### [Instructions for the task]
Starting from the first line below, repeat the data exactly through to the last.

### [Short web captions]
☆ ☆ ☆ ☆ ☆
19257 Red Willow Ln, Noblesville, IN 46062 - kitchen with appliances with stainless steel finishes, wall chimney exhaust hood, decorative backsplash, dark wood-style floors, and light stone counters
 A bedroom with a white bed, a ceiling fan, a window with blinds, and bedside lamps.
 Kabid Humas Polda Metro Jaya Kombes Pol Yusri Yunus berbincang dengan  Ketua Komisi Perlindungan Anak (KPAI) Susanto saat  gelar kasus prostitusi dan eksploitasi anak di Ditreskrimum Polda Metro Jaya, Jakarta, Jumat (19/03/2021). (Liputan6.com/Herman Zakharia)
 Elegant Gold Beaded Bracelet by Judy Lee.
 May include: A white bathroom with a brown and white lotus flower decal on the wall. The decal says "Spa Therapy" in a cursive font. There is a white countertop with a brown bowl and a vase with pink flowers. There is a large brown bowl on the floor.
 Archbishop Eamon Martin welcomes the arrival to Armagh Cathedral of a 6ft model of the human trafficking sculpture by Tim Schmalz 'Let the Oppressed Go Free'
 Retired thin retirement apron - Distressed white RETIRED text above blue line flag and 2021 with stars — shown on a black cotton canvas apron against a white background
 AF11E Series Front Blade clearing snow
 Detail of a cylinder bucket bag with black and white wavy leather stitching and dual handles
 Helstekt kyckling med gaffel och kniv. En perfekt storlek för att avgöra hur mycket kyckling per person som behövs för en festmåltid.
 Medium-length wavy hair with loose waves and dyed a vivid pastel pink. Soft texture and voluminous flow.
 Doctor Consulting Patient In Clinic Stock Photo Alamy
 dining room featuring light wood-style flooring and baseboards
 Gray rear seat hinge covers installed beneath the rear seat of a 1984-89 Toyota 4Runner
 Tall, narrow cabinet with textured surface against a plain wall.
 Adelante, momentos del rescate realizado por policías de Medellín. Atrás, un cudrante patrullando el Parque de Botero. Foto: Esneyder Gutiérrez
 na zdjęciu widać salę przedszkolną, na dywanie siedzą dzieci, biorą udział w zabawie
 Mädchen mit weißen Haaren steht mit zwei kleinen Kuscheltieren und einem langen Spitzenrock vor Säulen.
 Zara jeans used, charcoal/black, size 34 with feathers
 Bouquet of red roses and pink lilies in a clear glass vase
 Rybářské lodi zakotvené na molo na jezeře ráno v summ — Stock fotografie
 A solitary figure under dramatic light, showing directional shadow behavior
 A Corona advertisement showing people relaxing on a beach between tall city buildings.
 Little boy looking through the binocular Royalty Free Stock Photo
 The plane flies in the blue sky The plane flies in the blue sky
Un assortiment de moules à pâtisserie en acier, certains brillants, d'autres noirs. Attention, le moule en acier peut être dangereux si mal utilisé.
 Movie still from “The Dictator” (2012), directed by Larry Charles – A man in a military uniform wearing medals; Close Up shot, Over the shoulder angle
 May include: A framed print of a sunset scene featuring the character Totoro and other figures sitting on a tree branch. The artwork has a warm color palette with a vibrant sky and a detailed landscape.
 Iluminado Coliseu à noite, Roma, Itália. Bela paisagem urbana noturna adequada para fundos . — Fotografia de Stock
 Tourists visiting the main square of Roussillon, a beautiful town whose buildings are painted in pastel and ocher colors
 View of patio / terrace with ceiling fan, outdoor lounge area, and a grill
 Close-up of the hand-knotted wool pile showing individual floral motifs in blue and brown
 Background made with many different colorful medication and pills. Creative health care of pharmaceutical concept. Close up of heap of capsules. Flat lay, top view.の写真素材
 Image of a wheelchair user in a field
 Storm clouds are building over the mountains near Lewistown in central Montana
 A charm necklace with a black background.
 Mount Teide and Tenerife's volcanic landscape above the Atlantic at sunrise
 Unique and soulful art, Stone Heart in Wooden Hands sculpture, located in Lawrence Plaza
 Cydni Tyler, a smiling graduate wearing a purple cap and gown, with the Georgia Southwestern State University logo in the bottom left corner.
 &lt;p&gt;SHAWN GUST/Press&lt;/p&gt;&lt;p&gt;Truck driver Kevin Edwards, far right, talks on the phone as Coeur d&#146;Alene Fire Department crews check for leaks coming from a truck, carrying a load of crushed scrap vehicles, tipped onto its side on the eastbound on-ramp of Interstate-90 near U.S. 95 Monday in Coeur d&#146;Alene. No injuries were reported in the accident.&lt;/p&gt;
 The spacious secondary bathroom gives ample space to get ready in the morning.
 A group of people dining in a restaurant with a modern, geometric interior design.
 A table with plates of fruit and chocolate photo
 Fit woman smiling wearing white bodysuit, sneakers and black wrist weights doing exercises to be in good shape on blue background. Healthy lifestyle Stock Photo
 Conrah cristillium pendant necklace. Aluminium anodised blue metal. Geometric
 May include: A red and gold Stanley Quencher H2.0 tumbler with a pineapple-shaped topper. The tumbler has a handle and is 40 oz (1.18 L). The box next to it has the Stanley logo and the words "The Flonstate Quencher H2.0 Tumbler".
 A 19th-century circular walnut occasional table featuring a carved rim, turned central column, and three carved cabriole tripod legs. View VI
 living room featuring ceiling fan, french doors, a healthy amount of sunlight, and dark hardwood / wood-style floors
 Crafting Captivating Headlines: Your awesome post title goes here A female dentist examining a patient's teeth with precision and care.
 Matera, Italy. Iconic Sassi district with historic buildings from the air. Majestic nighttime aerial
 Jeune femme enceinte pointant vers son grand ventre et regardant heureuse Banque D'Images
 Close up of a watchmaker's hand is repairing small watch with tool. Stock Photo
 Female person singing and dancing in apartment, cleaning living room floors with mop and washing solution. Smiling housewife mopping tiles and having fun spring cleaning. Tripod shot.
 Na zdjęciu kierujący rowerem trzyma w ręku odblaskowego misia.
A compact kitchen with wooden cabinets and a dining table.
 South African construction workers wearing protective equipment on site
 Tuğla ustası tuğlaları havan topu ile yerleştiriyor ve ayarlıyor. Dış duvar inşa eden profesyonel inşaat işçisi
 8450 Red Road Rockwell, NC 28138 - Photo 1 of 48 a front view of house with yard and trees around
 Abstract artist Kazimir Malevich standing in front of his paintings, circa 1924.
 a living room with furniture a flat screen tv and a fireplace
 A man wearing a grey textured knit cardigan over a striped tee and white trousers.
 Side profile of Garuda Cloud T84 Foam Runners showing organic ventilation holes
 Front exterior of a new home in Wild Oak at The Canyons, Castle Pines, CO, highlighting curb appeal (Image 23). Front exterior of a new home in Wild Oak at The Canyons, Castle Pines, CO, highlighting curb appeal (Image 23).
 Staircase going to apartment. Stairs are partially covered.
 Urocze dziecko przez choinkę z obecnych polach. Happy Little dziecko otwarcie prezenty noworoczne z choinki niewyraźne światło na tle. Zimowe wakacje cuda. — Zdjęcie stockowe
☆ ☆ ☆ ☆ ☆
### [Exercise response]
19257 Red Willow Ln, Noblesville, IN 46062 - kitchen with appliances with stainless steel finishes, wall chimney exhaust hood, decorative backsplash, dark wood-style floors, and light stone counters
 A bedroom with a white bed, a ceiling fan, a window with blinds, and bedside lamps.
 Kabid Humas Polda Metro Jaya Kombes Pol Yusri Yunus berbincang dengan  Ketua Komisi Perlindungan Anak (KPAI) Susanto saat  gelar kasus prostitusi dan eksploitasi anak di Ditreskrimum Polda Metro Jaya, Jakarta, Jumat (19/03/2021). (Liputan6.com/Herman Zakharia)
 Elegant Gold Beaded Bracelet by Judy Lee.
 May include: A white bathroom with a brown and white lotus flower decal on the wall. The decal says "Spa Therapy" in a cursive font. There is a white countertop with a brown bowl and a vase with pink flowers. There is a large brown bowl on the floor.
 Archbishop Eamon Martin welcomes the arrival to Armagh Cathedral of a 6ft model of the human trafficking sculpture by Tim Schmalz 'Let the Oppressed Go Free'
 Retired thin retirement apron - Distressed white RETIRED text above blue line flag and 2021 with stars — shown on a black cotton canvas apron against a white background
 AF11E Series Front Blade clearing snow
 Detail of a cylinder bucket bag with black and white wavy leather stitching and dual handles
 Helstekt kyckling med gaffel och kniv. En perfekt storlek för att avgöra hur mycket kyckling per person som behövs för en festmåltid.
 Medium-length wavy hair with loose waves and dyed a vivid pastel pink. Soft texture and voluminous flow.
 Doctor Consulting Patient In Clinic Stock Photo Alamy
 dining room featuring light wood-style flooring and baseboards
 Gray rear seat hinge covers installed beneath the rear seat of a 1984-89 Toyota 4Runner
 Tall, narrow cabinet with textured surface against a plain wall.
 Adelante, momentos del rescate realizado por policías de Medellín. Atrás, un cudrante patrullando el Parque de Botero. Foto: Esneyder Gutiérrez
 na zdjęciu widać salę przedszkolną, na dywanie siedzą dzieci, biorą udział w zabawie
 Mädchen mit weißen Haaren steht mit zwei kleinen Kuscheltieren und einem langen Spitzenrock vor Säulen.
 Zara jeans used, charcoal/black, size 34 with feathers
 Bouquet of red roses and pink lilies in a clear glass vase
 Rybářské lodi zakotvené na molo na jezeře ráno v summ — Stock fotografie
 A solitary figure under dramatic light, showing directional shadow behavior
 A Corona advertisement showing people relaxing on a beach between tall city buildings.
 Little boy looking through the binocular Royalty Free Stock Photo
 The plane flies in the blue sky The plane flies in the blue sky
Un assortiment de moules à pâtisserie en acier, certains brillants, d'autres noirs. Attention, le moule en acier peut être dangereux si mal utilisé.
 Movie still from “The Dictator” (2012), directed by Larry Charles – A man in a military uniform wearing medals; Close Up shot, Over the shoulder angle
 May include: A framed print of a sunset scene featuring the character Totoro and other figures sitting on a tree branch. The artwork has a warm color palette with a vibrant sky and a detailed landscape.
 Iluminado Coliseu à noite, Roma, Itália. Bela paisagem urbana noturna adequada para fundos . — Fotografia de Stock
 Tourists visiting the main square of Roussillon, a beautiful town whose buildings are painted in pastel and ocher colors
 View of patio / terrace with ceiling fan, outdoor lounge area, and a grill
 Close-up of the hand-knotted wool pile showing individual floral motifs in blue and brown
 Background made with many different colorful medication and pills. Creative health care of pharmaceutical concept. Close up of heap of capsules. Flat lay, top view.の写真素材
 Image of a wheelchair user in a field
 Storm clouds are building over the mountains near Lewistown in central Montana
 A charm necklace with a black background.
 Mount Teide and Tenerife's volcanic landscape above the Atlantic at sunrise
 Unique and soulful art, Stone Heart in Wooden Hands sculpture, located in Lawrence Plaza
 Cydni Tyler, a smiling graduate wearing a purple cap and gown, with the Georgia Southwestern State University logo in the bottom left corner.
 &lt;p&gt;SHAWN GUST/Press&lt;/p&gt;&lt;p&gt;Truck driver Kevin Edwards, far right, talks on the phone as Coeur d&#146;Alene Fire Department crews check for leaks coming from a truck, carrying a load of crushed scrap vehicles, tipped onto its side on the eastbound on-ramp of Interstate-90 near U.S. 95 Monday in Coeur d&#146;Alene. No injuries were reported in the accident.&lt;/p&gt;
 The spacious secondary bathroom gives ample space to get ready in the morning.
 A group of people dining in a restaurant with a modern, geometric interior design.
 A table with plates of fruit and chocolate photo
 Fit woman smiling wearing white bodysuit, sneakers and black wrist weights doing exercises to be in good shape on blue background. Healthy lifestyle Stock Photo
 Conrah cristillium pendant necklace. Aluminium anodised blue metal. Geometric
 May include: A red and gold Stanley Quencher H2.0 tumbler with a pineapple-shaped topper. The tumbler has a handle and is 40 oz (1.18 L). The box next to it has the Stanley logo and the words "The Flonstate Quencher H2.0 Tumbler".
 A 19th-century circular walnut occasional table featuring a carved rim, turned central column, and three carved cabriole tripod legs. View VI
 living room featuring ceiling fan, french doors, a healthy amount of sunlight, and dark hardwood / wood-style floors
 Crafting Captivating Headlines: Your awesome post title goes here A female dentist examining a patient's teeth with precision and care.
 Matera, Italy. Iconic Sassi district with historic buildings from the air. Majestic nighttime aerial
 Jeune femme enceinte pointant vers son grand ventre et regardant heureuse Banque D'Images
 Close up of a watchmaker's hand is repairing small watch with tool. Stock Photo
 Female person singing and dancing in apartment, cleaning living room floors with mop and washing solution. Smiling housewife mopping tiles and having fun spring cleaning. Tripod shot.
 Na zdjęciu kierujący rowerem trzyma w ręku odblaskowego misia.
A compact kitchen with wooden cabinets and a dining table.
 South African construction workers wearing protective equipment on site
 Tuğla ustası tuğlaları havan topu ile yerleştiriyor ve ayarlıyor. Dış duvar inşa eden profesyonel inşaat işçisi
 8450 Red Road Rockwell, NC 28138 - Photo 1 of 48 a front view of house with yard and trees around
 Abstract artist Kazimir Malevich standing in front of his paintings, circa 1924.
 a living room with furniture a flat screen tv and a fireplace
 A man wearing a grey textured knit cardigan over a striped tee and white trousers.
 Side profile of Garuda Cloud T84 Foam Runners showing organic ventilation holes
 Front exterior of a new home in Wild Oak at The Canyons, Castle Pines, CO, highlighting curb appeal (Image 23). Front exterior of a new home in Wild Oak at The Canyons, Castle Pines, CO, highlighting curb appeal (Image 23).
 Staircase going to apartment. Stairs are partially covered.
 Urocze dziecko przez choinkę z obecnych polach. Happy Little dziecko otwarcie prezenty noworoczne z choinki niewyraźne światło na tle. Zimowe wakacje cuda. — Zdjęcie stockowe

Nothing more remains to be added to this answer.